In ihrem Fall heiratete man allerdings nur zwei mal, denn sie hatte vor vier Monaten Sean geheiratet. Jetzt stand ich in der Garderobe meiner großen Schwester und starrte das Kleid an, dass Leah mir gekauft hatte. Es war knielang, smaragdgrün und hatte einen dünnen goldenen Gürtel um die Taille. Es war wunderschön. Ich blickte zögerlich zu Jess rüber. Leah hatte sie schon geschminkt und ihr cremeweißes Hochzeitskleid hatte sie auch schon an. Als meine Schwester meinen Blick bemerkte lächelte sie mich beruhigend an und ich ging um mich umzuziehen.

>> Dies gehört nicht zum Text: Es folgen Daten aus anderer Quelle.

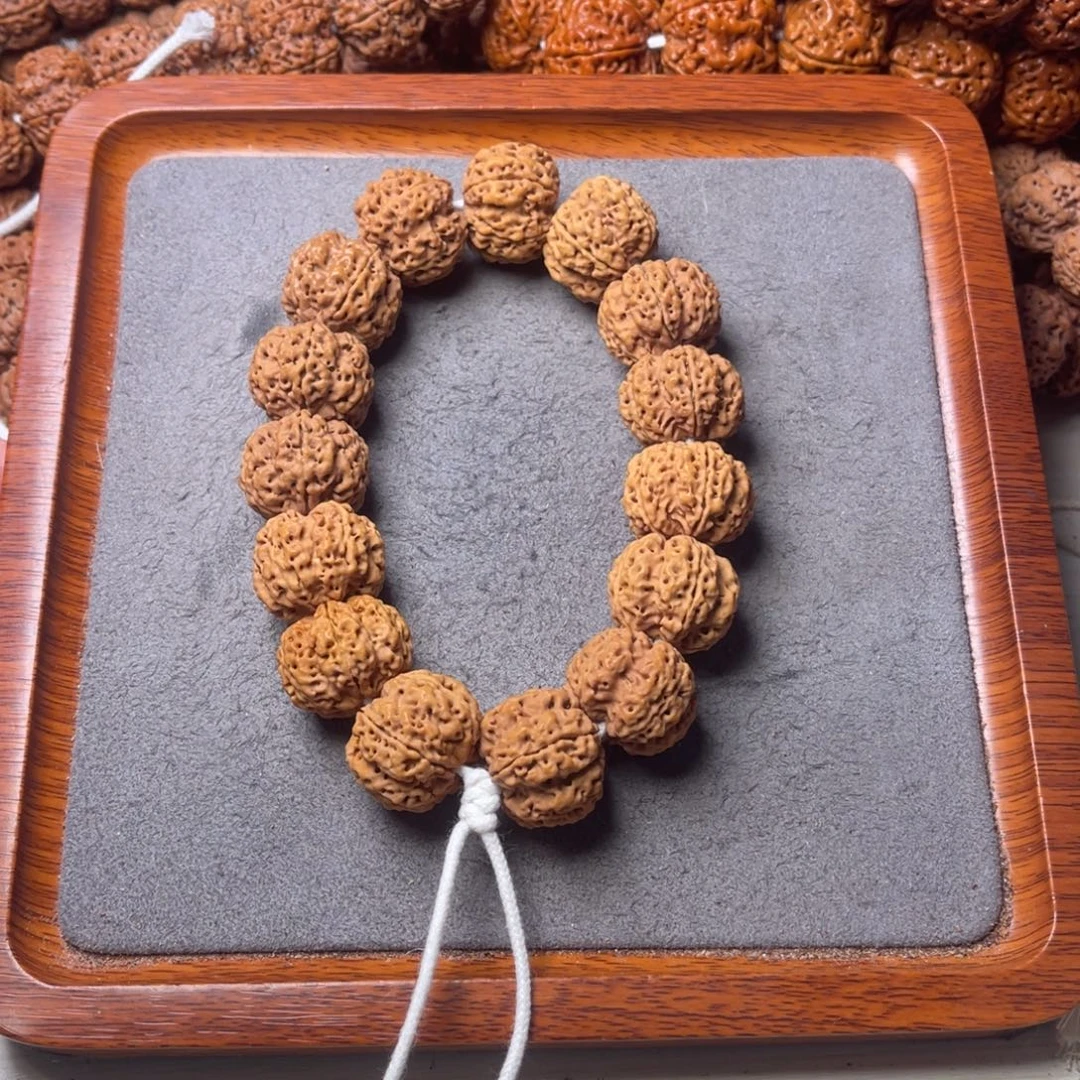 菩提11号金刚菩提深沟梅花22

Sean nickte mir anerkennend zu, als ich aus der Garderobe trat. Ich musste zugeben, ich sah gut aus in dem Kleid, trotzdem ließ mein Ego mich heute ein bisschen im Stich. Das war lächerlich, denn es war ja nicht meine Hochzeit. Trotzdem hatte ich da so ein Gefühl... Als ich tief Luft holte und mich auf die Suche nach Mum machen wollte fiel mir draußen einer der Gäste auf. 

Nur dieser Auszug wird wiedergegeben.